I’m most of all wondering how you get high level of confidence in the distinction and its relevance. I’ve seen only really vague discussion. The view that LM cognition doesn’t scale into generality seems wacky to me. I want to see the description of tasks it can’t do.
In general if someone won’t state any predictions of their view I’m just going to update about your view based on my understanding of what it predicts (which is after all what I’d ultimately be doing if I took a given view seriously). I’ll also try to update about your view as operated by you, and so e.g. if you were generally showing a good predictive track record or achieving things in the world then I would be happy to acknowledge there is probably some good view there that I can’t understand.
I do think that a factor of two is significant evidence. In practice in my experience that’s about as much evidence as you normally get between realistic alternative perspectives in messy domains. The kind of forecasting approach that puts 99.9% probability on things and so doesn’t move until it gets 10 bits is just not something that works in practice.
On the slip side, it’s enough evidence that Eliezer is endlessly condescending about it (e.g. about those who only assigned a 50% probability to the covid response being as inept as it was). Which I think is fine (but annoying), a factor of 2 is real evidence. And if I went around saying “Maybe our response to AI will be great” and then just replied to this observation with “whatever covid isn’t the kind of thing I’m talking about” without giving some kind of more precise model that distinguishes, then you would be right to chastise me.
Perhaps more importantly, I just don’t know where someone with this view would give ground. Even if you think any given factor of two isn’t a big deal, ten factors of two is what gets you from 99.9% to 50%. So you can’t just go around ignoring a couple of them every few years!
And rhetorically, I’m not complaining about people ultimately thinking fast takeoff is more plausible. I’m complaining about not expressing the view in such a way that we can learn about it based on what appears to me to be multiple bits of evidence, or acknowledging that evidence. This isn’t the only evidence we’ve gotten, I’m generally happy to acknowledge many bits of ways in which my views have moved towards other people’s.

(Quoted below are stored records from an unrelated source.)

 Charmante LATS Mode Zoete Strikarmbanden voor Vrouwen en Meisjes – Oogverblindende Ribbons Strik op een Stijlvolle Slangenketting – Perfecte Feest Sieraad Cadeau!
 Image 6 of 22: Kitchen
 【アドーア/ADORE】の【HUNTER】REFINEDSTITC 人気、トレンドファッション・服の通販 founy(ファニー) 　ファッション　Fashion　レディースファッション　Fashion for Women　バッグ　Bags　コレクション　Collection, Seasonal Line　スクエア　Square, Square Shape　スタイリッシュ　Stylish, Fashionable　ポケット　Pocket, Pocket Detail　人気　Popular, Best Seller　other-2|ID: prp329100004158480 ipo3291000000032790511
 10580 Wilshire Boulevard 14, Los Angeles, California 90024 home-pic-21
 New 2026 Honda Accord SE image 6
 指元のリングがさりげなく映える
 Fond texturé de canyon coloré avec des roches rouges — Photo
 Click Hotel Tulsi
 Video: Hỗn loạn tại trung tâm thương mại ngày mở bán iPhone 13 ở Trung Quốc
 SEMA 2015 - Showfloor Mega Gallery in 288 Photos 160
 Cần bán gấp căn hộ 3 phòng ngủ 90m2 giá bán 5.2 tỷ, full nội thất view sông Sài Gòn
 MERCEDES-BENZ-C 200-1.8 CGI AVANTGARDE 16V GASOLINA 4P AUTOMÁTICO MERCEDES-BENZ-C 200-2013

So one claim is that a theory of post-AGI effects often won’t say things about pre-AGI AI, so mostly doesn’t get updated from pre-AGI observations. My take on LLM alignment asks to distinguish human-like LLM AGIs from stronger AGIs (or weirder LLMs), with theories of stronger AGIs not naturally characterizing issues with human-like LLMs. Like, they aren’t concerned with optimizing for LLM superstimuli while their behavior remains in human imitation regime, where caring for LLM-specific things didn’t have a chance to gain influence. When the mostly faithful imitation nature of LLMs breaks with enough AI tinkering, the way human nature is breaking now towards influence of AGIs, we get another phase change to stronger AGIs.
This seems like a pattern, theories of extremal later phases being bounded within their scopes, saying little of preceding phases that transition into them. If the phase transition boundaries get muddled in thinking about this, we get misleading impressions about how the earlier phases work, while their navigation is instrumental for managing transitions into the much more concerning later phases.